### Problem to solve
Reproduce the listing exactly, with no pictures in your copy.

### Data shown

= Beginning of Section =

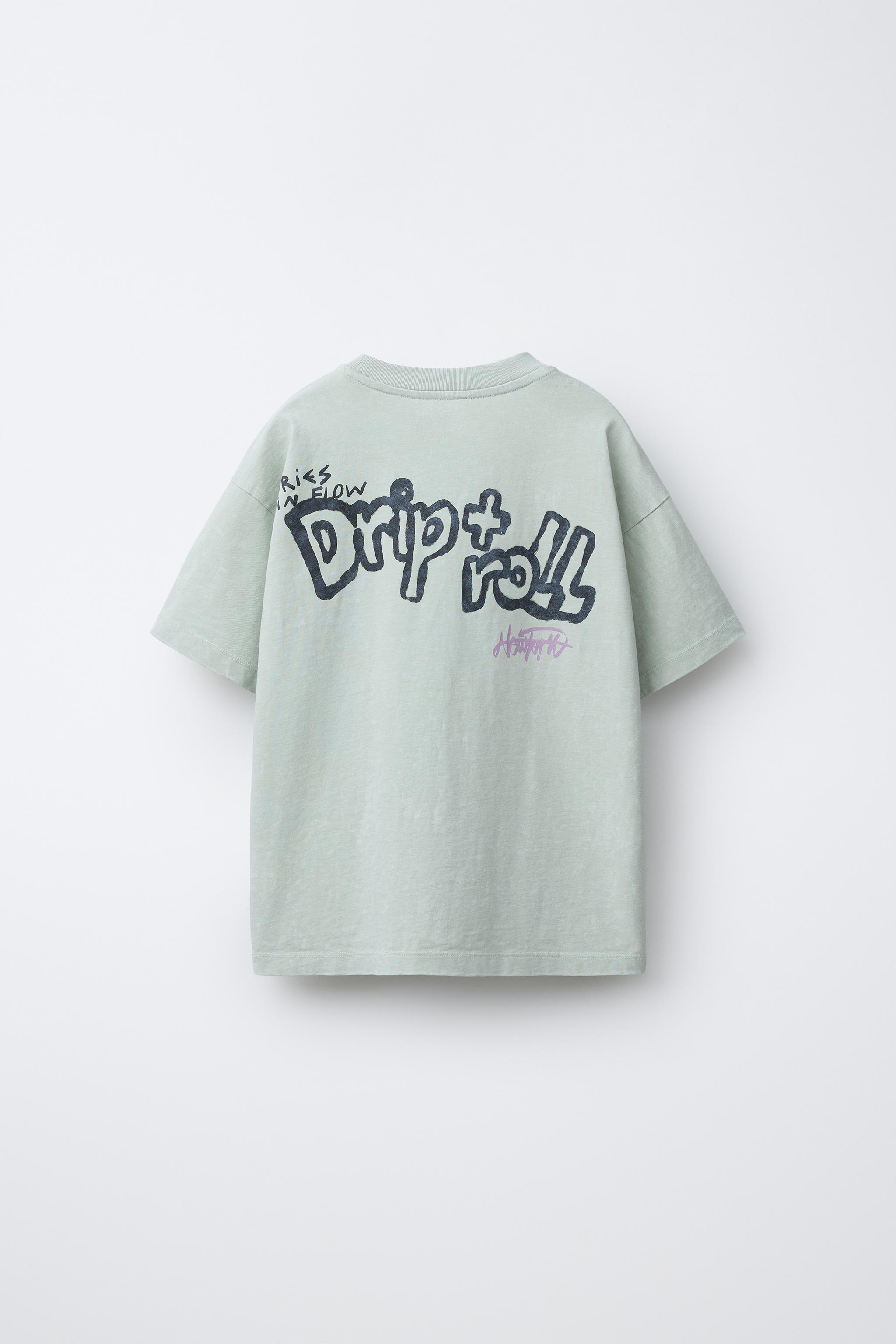 T-SHIRT EFFET DÉLAVÉ PIÈCES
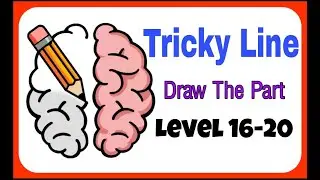 Tricky Line Draw The Part Level 16-20 (16,17,18,19,20)  Walkthrough Solution #TrickyLine #Shorts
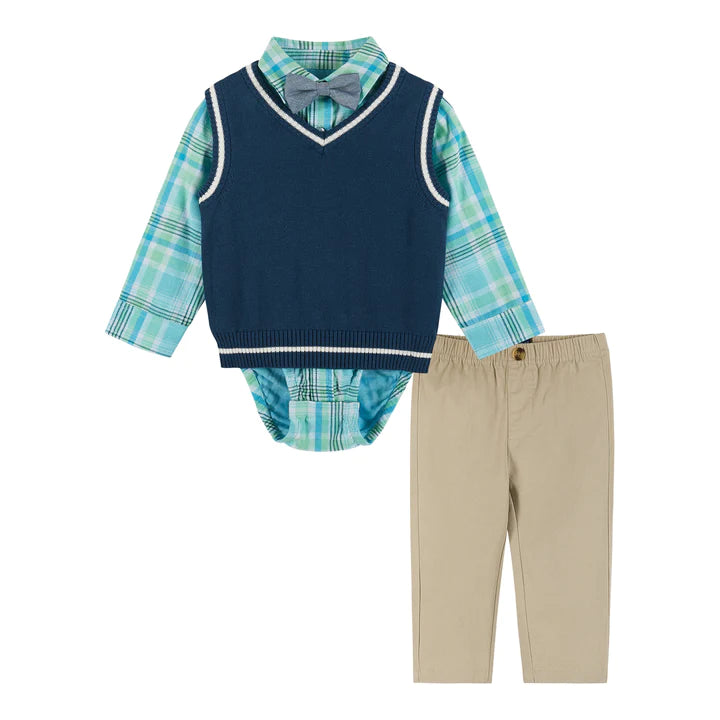 Green Plaid Set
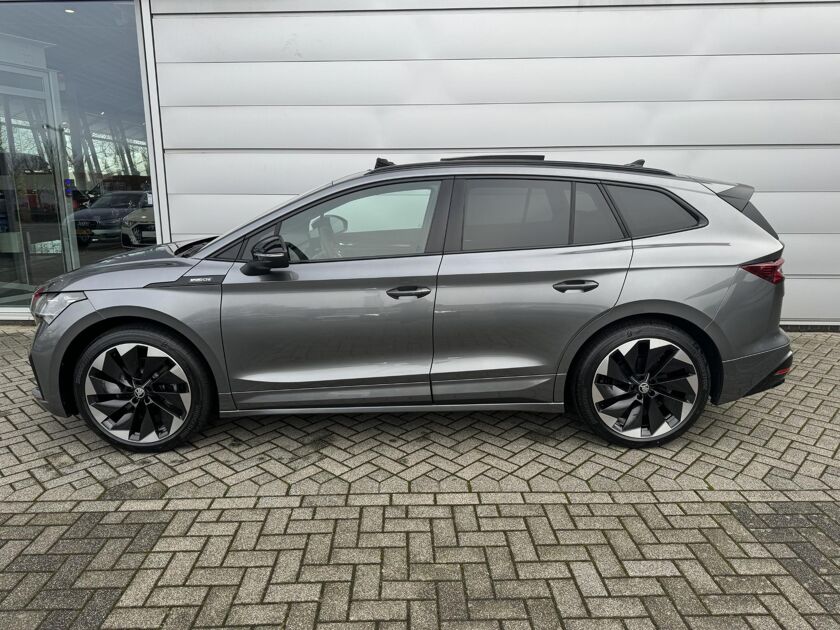 Škoda Enyaq 60 Sportline 180 pk | Navi | Crystal Face | Panodak | 21" | 393 km actieradius |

= End of Section =

### Task result
 T-SHIRT EFFET DÉLAVÉ PIÈCES
 Tricky Line Draw The Part Level 16-20 (16,17,18,19,20)  Walkthrough Solution #TrickyLine #Shorts
 Green Plaid Set
 Škoda Enyaq 60 Sportline 180 pk | Navi | Crystal Face | Panodak | 21" | 393 km actieradius |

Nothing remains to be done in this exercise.